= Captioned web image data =
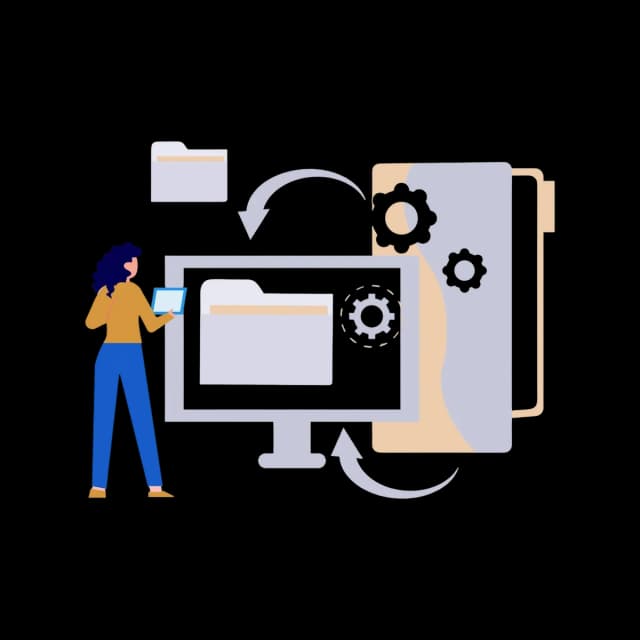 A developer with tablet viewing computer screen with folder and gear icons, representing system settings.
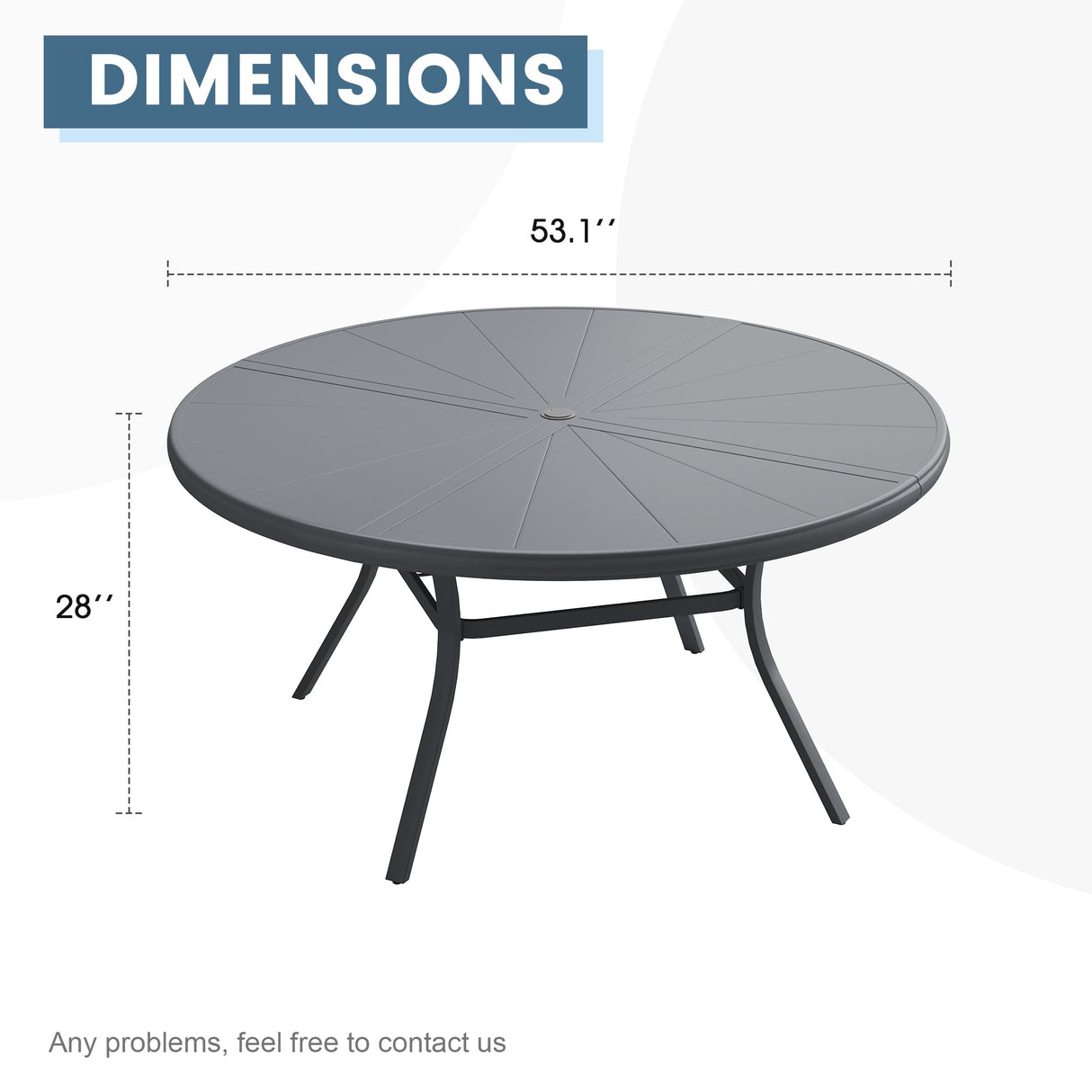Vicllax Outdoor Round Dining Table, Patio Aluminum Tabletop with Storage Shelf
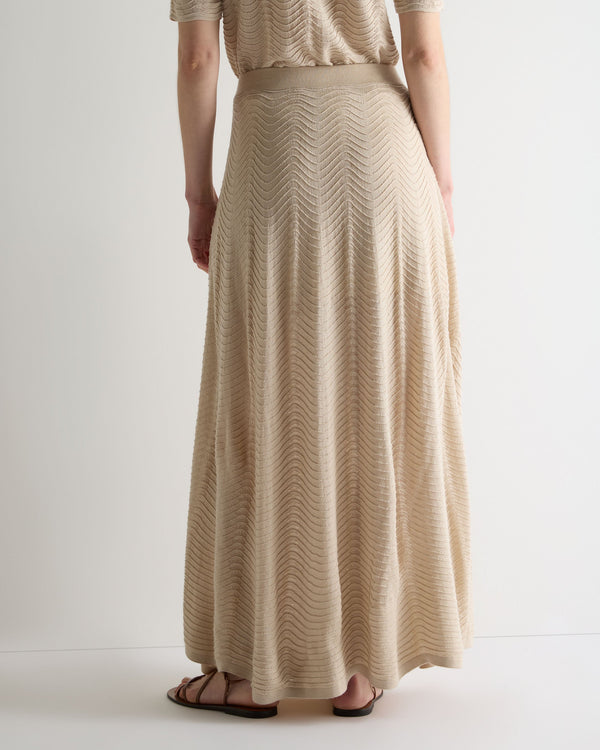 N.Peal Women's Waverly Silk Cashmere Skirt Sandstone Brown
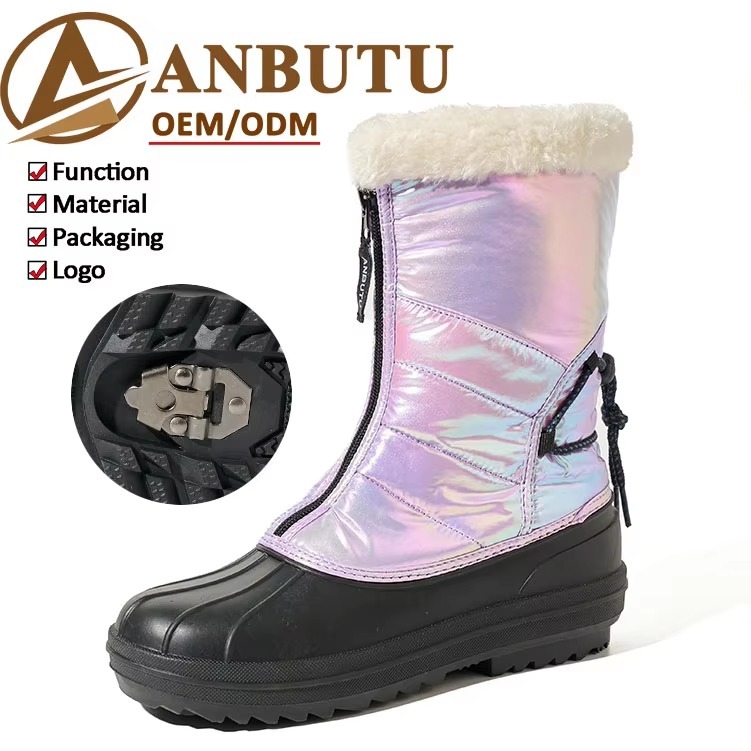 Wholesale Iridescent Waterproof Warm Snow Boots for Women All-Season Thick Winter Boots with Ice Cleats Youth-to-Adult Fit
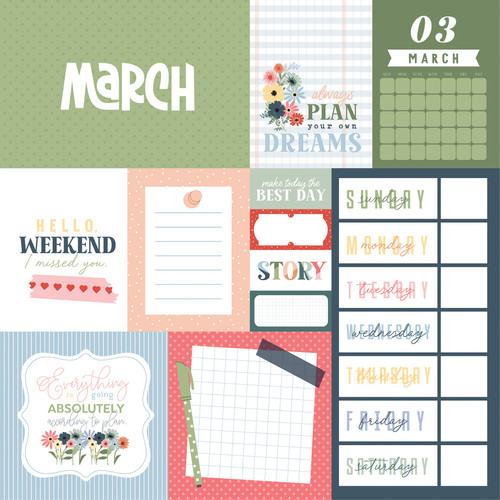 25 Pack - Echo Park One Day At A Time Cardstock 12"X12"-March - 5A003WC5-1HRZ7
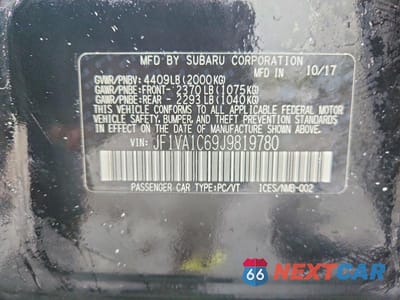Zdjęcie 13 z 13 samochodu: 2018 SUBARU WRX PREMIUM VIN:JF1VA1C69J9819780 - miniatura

= YOUR INSTRUCTIONS =
Type out each line of the records above exactly, skipping any pictures.

= RESULT OF THE TASK =
 A developer with tablet viewing computer screen with folder and gear icons, representing system settings.
Vicllax Outdoor Round Dining Table, Patio Aluminum Tabletop with Storage Shelf
 N.Peal Women's Waverly Silk Cashmere Skirt Sandstone Brown
 Wholesale Iridescent Waterproof Warm Snow Boots for Women All-Season Thick Winter Boots with Ice Cleats Youth-to-Adult Fit
 25 Pack - Echo Park One Day At A Time Cardstock 12"X12"-March - 5A003WC5-1HRZ7
Zdjęcie 13 z 13 samochodu: 2018 SUBARU WRX PREMIUM VIN:JF1VA1C69J9819780 - miniatura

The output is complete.